Lafı fazla dolandırmayacağım, dün Rüyanın Zeyli (1) isimli parçayı okuyorduk. Parçada "korkaklıkta darb-ı mesel hükmünde olan tavuk, çocukları yanında iken şefkat-i cinsiyesiyle câmusa saldırır" (2) cümlesini okurken bir anda zihinlerimiz ayakkabı olayına kaydı.
Hep birlikte bu hakikatin anlaşılmasına çok güzel bir örnek teşkil ettiğinde birleştik.
Üstad yazdığı metinde "Rus Mojikleri"ni örnek gösteriyor. Bu kısmı okurken her seferinde bu kelime dikkatimi çekmiştir. Neden bu örnek? diye
Hac dönemi, ayakkabı olayı ve Rüyanın Zeyli dersi bir araya gelince araştırma ihtiyacı hissedip internetten bu kelimenin ne anlama geldiğine baktım. Kelime anlam olarak Rus Köylüleri diye geçiyor.
Araştırınca da komünist ihtilalinde Rus köylülerinin özellikle köylü kadınların fazlasıyla rol aldıkları gerçeği ile karşılaştım.
Demek ihtilalden önce Iraklı gazeteci gibi ciğeri yanmış köylü kadınlar rejimi yıkma konusunda hayli cesaret örneği göstermişler.
Metinde tavuk örneği de var. Tavuk, kadın ve köylü cesaret gösterisinde bulunacak en son kişiler olmasına rağmen bunlarla ilgili yaşanmış ilginç olaylar var ki, misal olarak dile getirilmiş.

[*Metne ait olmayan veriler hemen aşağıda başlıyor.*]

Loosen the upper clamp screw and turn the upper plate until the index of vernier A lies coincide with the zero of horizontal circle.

Risale-i Nurlarda tavukla ilgili şöyle bir tespite rastlıyoruz. Tavuğun bütün sermâyesi kendi hayatı iken, yavrusunu itin ağzından kurtarmak için-Hüsrevin müşâhedesiyle-kafasını ite kaptırır.(3)

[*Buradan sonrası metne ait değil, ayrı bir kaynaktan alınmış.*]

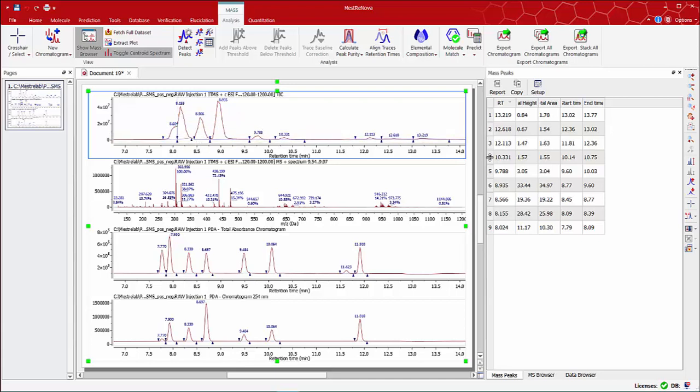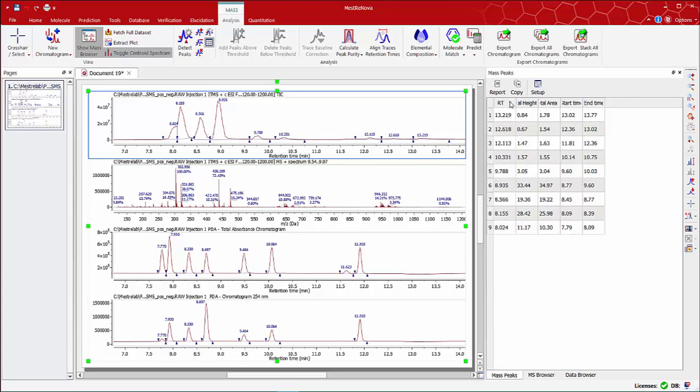The table is then automatically updated. You can sort the peaks by retention time or by any of the other entries in the table.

Hüsrev Ağabey böyle bir olaya şahit olmuş ve bu olayı Üstada anlatmış ki, Üstad da onu şefkatin ve ıztırarın güce/mukavemete ve cesarete nasıl dönüştüğüne misal olarak zikretmiş.
Tavuk örneklemesi ile, Irakta bir gazetecinin ABD başkanına ayakkabı atma örneği güç dengesizliği açısından bakıldığında örtüşmektedir. Her ikisinde de biri hayli güçsüz, diğeri aksine fazlasıyla güçlü, her ikisinde de şefkat-i cinsiyyeden gelen bir sıkışmışlık var. Kurtarmak istediği tek sermayesi olan hayatı değil. Çünkü bunu yapmakla aksine hayatını feda ediyor. Kurtarmak istediği çocuklarıdır veya kan bağı taşıdığı akrabalarıdır. Akrabalarını zalimin elinden koruyamamanın çaresizliği bu dehşetli cesareti göstermesine neden olmuştur.

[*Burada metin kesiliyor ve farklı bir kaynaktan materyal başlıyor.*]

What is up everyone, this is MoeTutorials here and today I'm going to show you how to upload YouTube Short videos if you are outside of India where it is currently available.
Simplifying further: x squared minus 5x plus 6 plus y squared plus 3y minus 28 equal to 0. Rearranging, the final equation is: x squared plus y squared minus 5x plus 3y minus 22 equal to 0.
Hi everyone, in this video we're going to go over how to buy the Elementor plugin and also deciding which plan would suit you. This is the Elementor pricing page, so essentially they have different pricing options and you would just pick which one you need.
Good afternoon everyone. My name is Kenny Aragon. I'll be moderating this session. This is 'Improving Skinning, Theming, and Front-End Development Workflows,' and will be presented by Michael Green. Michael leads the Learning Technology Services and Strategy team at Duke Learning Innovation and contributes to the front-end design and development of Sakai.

Çaresizlik ve sıkışmışlık, düşmana sıkılmış yumruk olarak geri dönüyor/dönecektir. Bunun başka da yolu yok. Üstad bunları söyleyerek bir durum tespiti yapmıştır. İnsanları bu kadar sıkıştırırsan olacağı budur.
Bunların hepsi İslamın intibaha geleceği/uyanacağı gerçeğine verilen misallerdir.
Bediüzzaman'a göre İslam bir gün uyanacak ve eski haşmet ve şevketine kavuşacaktır. Bu hakikatin tahakkukunda da mevcut durum (izdırari halin) bu işi hızlandıracağı kanaatini taşımaktadır.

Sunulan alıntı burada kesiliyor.